++++ DATA EXTRACT

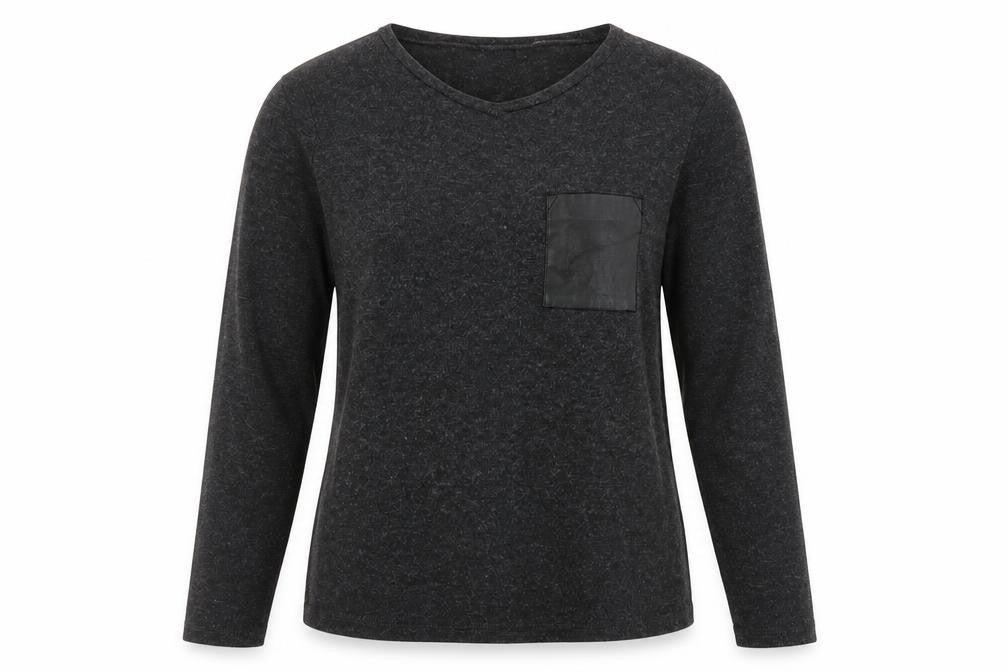 Zara Womens Black Long Sleeve Top L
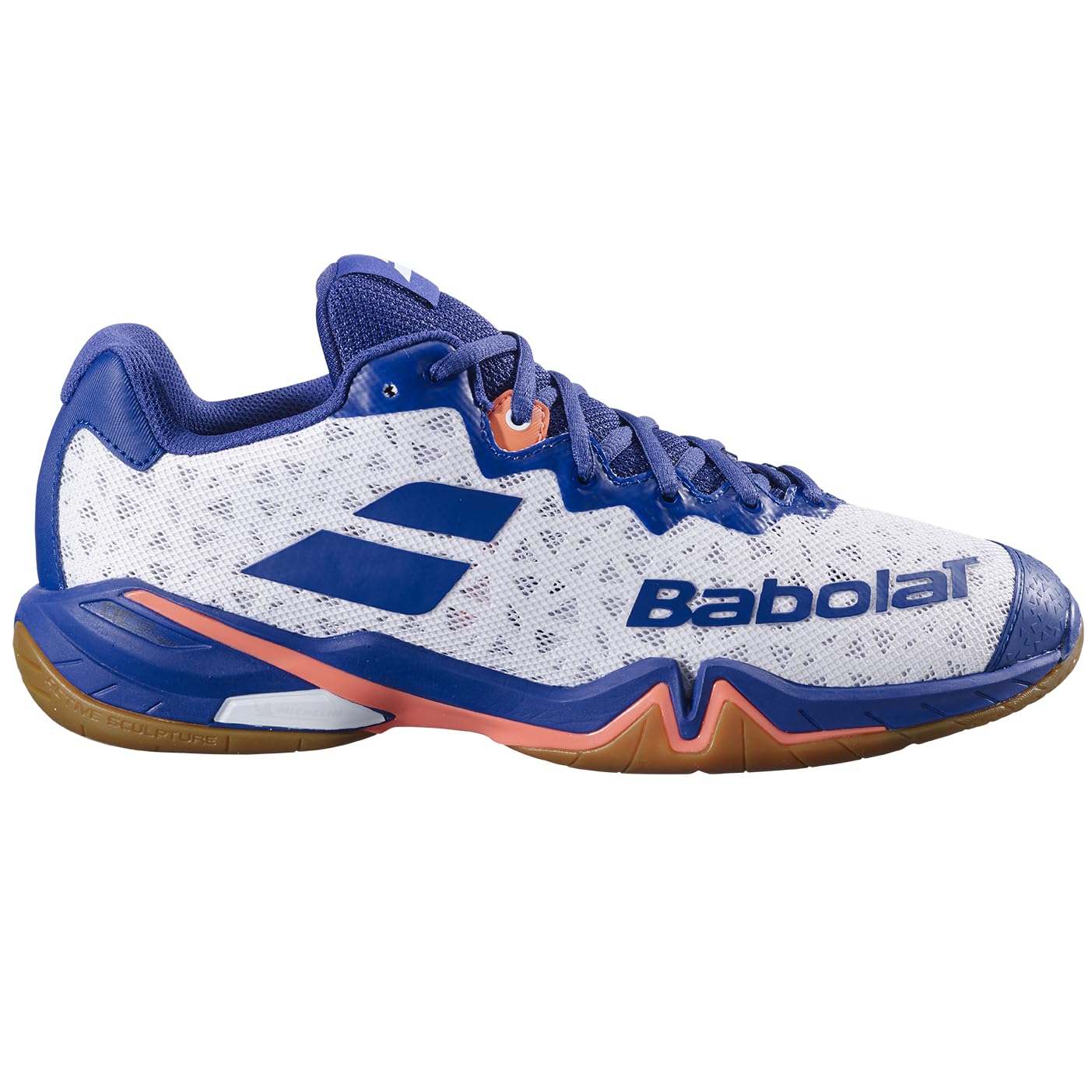 Babolat, Chaussures de Badminton Modèle Shadow 4 M, Tige Ajustée, Semelle Bi-Densité, Confort Longue Durée, Respirabilité, Maintien Optimal
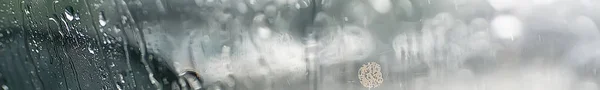 Стеклянные Капли Длинный Узкий Продолговатый Фон Абстрактный Горизонтальный Фон Веб — стоковое фото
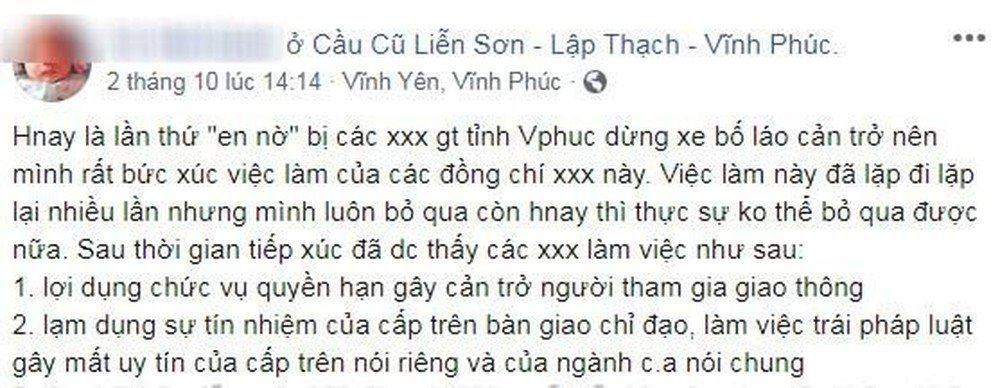 tu-xung-bao-ke-nho-xoa-status-to-cao-csgt-vinh-phuc-yeu-cau-giai-trinh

++++++++

• WHAT YOU NEED TO DO
Restate all of the data word for word and include no pictures.

• ANSWER SECTION
 Zara Womens Black Long Sleeve Top L
 Babolat, Chaussures de Badminton Modèle Shadow 4 M, Tige Ajustée, Semelle Bi-Densité, Confort Longue Durée, Respirabilité, Maintien Optimal
 Стеклянные Капли Длинный Узкий Продолговатый Фон Абстрактный Горизонтальный Фон Веб — стоковое фото
 tu-xung-bao-ke-nho-xoa-status-to-cao-csgt-vinh-phuc-yeu-cau-giai-trinh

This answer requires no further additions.